Bakterien statt Säuren, Bioreaktoren statt Hütten

Die PX Group setzt auf ein Verfahren, das dezentral, also dort zum Einsatz kommt, wo der Elektronikmüll anfällt: Zuerst wird der Elektronikschrott getrennt. Plastik und Metallteile werden auseinanderdividiert. Dann wird das Metall von einer Mühle zerkleinert; dieser gemahlene Elektronikschrott kommt zusammen mit einer Lösung in einen Tank. Dabei löst eine biogene, also eine von Bakterien hergestellte Substanz das Gold aus dem Mahlgut. In der Folge wird der Inhalt des Tanks mit einem Harz filtriert; das Gold bleibt dabei an diesem Harz hängen. Wird das getrocknete Harz schliesslich verbrannt, bleibt das Gold als Rückstand zurück.  

Die biogene Substanz, die im Verfahren der PX Group zum Einsatz kommt, wird von Bakterien hergestellt. Die Bakterien werden von Brain Biotech gezüchtet. Sie fermentieren eine Zuckerlösung zu einer Flüssigkeit, die in der Lage ist, das Gold zu lösen. Sie ist relativ pH-neutral und muss nicht als Sondermüll entsorgt werden. Damit kann die PX Group die starken Säuren und andere sehr giftigen Stoffe umgehen, mit denen die Goldgewinnung arbeitet. Viele Minen machen ganze Ökosysteme kaputt. Böden und Gewässer leiden auch Jahre nach der Stilllegung noch unter den zum Einsatz kommenden Stoffe. Ziel der Anstrengungen der PX Group war von Anfang an, ein Verfahren zu entwickeln, mit dem Sondermüll vermieden werden kann.  

Alexandra Levesque, Head of Innovation and Development bei der PX Group, betont, dass das Verfahren funktioniere und technisch machbar sei. Jetzt gehe es darum, den Prozess zu skalieren und ein Netzwerk von Partnerunternehmen aufzubauen, damit auch die ökonomische Rentabilität bewiesen werden kann. 

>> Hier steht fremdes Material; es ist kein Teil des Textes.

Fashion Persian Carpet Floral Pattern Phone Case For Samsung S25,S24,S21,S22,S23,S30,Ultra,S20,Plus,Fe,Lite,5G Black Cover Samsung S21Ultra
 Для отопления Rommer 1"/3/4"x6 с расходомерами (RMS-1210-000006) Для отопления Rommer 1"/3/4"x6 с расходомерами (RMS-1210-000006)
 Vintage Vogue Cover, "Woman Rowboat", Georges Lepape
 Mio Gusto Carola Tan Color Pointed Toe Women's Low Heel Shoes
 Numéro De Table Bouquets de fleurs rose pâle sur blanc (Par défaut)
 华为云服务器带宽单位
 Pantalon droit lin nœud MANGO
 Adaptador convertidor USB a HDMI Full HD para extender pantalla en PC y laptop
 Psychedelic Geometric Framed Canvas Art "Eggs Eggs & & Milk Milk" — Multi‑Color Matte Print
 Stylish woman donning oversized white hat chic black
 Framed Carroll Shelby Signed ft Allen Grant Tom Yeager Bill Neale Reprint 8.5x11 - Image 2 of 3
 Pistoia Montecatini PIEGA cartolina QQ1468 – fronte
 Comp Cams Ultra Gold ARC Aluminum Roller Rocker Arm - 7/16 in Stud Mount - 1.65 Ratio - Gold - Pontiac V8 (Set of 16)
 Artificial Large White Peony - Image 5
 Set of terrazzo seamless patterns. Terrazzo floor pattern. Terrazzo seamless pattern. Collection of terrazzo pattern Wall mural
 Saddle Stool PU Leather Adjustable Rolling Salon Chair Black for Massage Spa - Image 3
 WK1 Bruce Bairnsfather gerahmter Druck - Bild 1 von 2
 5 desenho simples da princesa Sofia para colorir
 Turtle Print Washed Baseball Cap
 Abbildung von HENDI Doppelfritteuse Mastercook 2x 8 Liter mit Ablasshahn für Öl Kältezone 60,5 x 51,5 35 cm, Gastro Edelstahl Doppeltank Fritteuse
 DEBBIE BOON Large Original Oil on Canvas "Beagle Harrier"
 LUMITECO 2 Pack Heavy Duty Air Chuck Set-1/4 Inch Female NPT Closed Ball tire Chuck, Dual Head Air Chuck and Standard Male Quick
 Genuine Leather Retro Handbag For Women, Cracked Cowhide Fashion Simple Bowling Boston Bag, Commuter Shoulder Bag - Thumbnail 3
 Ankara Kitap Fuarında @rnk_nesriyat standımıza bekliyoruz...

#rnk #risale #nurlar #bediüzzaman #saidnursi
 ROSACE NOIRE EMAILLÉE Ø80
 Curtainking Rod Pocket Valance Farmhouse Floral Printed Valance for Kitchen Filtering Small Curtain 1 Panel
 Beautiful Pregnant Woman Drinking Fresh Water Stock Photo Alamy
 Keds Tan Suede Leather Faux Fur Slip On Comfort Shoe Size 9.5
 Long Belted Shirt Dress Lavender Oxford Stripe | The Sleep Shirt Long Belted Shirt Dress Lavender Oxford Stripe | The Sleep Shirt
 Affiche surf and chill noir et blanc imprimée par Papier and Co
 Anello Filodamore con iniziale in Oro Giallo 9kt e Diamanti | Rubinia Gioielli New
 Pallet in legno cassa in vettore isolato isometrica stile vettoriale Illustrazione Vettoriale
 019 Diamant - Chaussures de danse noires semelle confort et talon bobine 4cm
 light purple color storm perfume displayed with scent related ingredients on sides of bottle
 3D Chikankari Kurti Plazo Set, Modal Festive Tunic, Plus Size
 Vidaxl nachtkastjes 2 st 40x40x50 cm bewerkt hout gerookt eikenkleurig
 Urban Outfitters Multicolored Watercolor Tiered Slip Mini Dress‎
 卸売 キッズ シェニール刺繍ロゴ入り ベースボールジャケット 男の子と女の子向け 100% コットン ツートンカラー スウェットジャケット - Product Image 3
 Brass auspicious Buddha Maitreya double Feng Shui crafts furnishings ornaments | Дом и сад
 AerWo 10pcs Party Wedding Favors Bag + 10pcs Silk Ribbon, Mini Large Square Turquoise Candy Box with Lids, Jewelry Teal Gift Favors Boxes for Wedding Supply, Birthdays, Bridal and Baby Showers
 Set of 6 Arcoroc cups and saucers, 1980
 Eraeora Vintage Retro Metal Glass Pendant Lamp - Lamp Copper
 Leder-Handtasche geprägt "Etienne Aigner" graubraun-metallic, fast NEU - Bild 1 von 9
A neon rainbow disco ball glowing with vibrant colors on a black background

Weltweit könnten jährlich 20 bis 30 Tonnen Gold aus Elektronikschrott herausgelöst werden. Dies ist zwar erst ein kleiner Teil des weltweit benötigten Goldes. Die ökonomische Verarbeitung von Elektronikschrott könnte aber auch wichtige Impulse für Wertstoffkreisläufe in anderen Industrien setzen, denn wie die das Verfahren der PX Group zeigt, enthält der Schrott wertvolle Substanzen.